Reunions in 1992 and 2000 (when Tom Washatka filled in at the last minute and was promptly made a permanent member of the group) rekindled the wonderful times that the band had together making music in "the old days." But that wasn't enough. This long-standing "family" had to get its new music out to a larger public. Proud Flesh is the result of that renewal.

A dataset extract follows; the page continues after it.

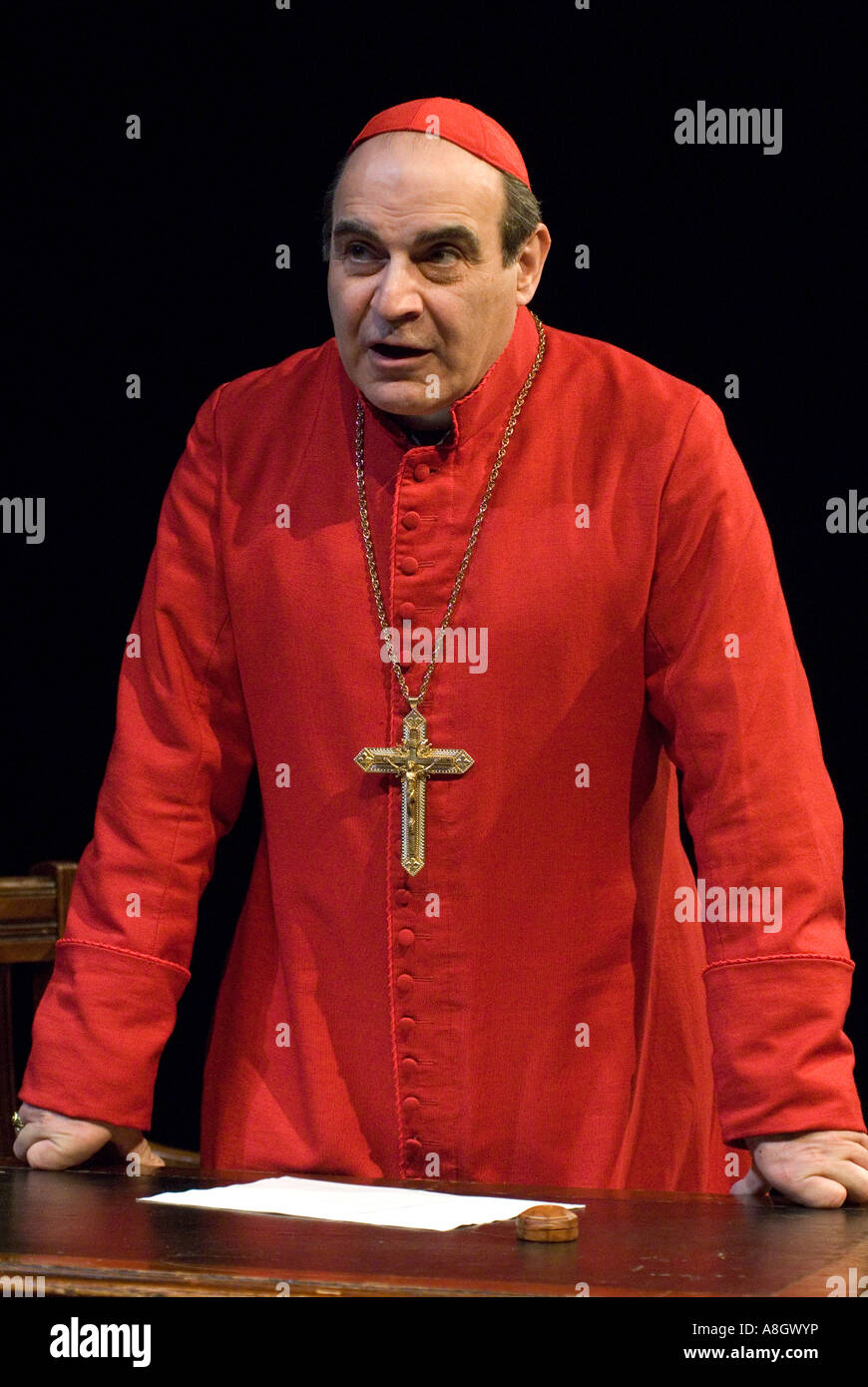 David Suchet playing Cardinal Benelli in The Last Confession Chichester Festival Theatre Stock Photo
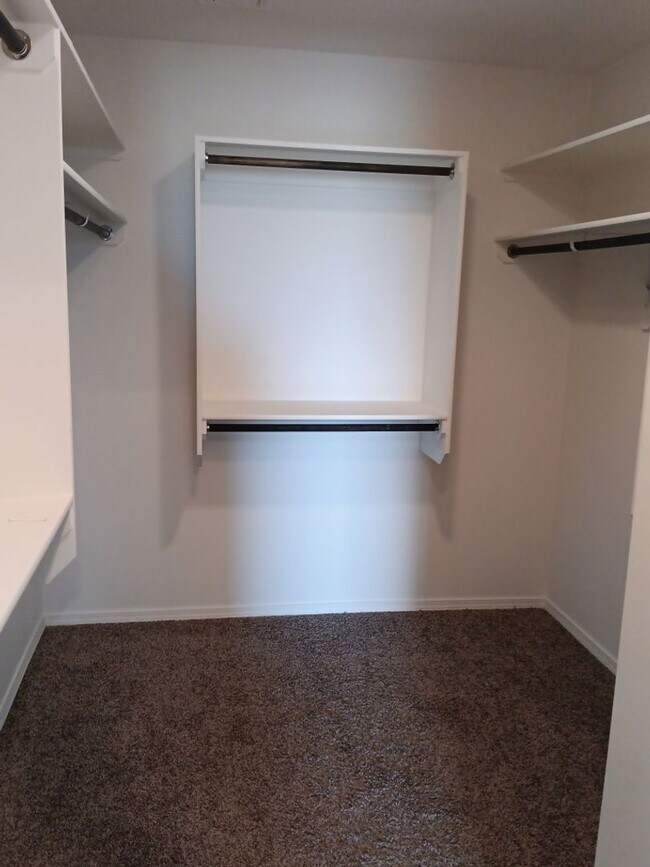 Building Photo - Beautiful 4-Bedroom, 2.5-Bathroom Home Loc...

Review from the All Music Guide
The rock group Matrix made a splash at the 1976 Monterey Jazz Festival riding the crest of the highly amped sounds that laid the groundwork for the fusion movement of the 1970s. This is not the group's first reunion. In fact, one might call this the second-and-a-half gathering of the clan, with the first one taking place in 1992 and a mini one occurring in 2000. There is a carryover from the latter convocation with the first tune, "No, Seriously." The lines that distinguish a band such as Matrix from run-of-the-mill groups is that there is an effort (and with successful results here) to introduce some serious structure to the music rather than simply limiting it to mindless guitar riffs and an unrelenting backbeat. Tracks seven through ten, under the title "Proud Flesh (A Tribute to Miles Davis)," provide the opportunity to worship at the altar of a major jazz icon who moved in a similar direction during the 1970s. Some of these tracks get quite exotic.
Moreover, in addition to the electric Davis, with close listening one picks a lot of his collaboration with Gil Evans, such as that on Sketches of Spain. There is also a reference to basic elements that make up jazz, blues, and swing riffs coming through on "Reunion Dues." This track also allows plenty of space for Larry Darling on trumpet and John Harmon on piano. There is some good ensemble playing on this cut as well. And perhaps best of all, the drumming is not limited to the cloying, monotonous, monotone backbeat that characterizes similar groups to this day.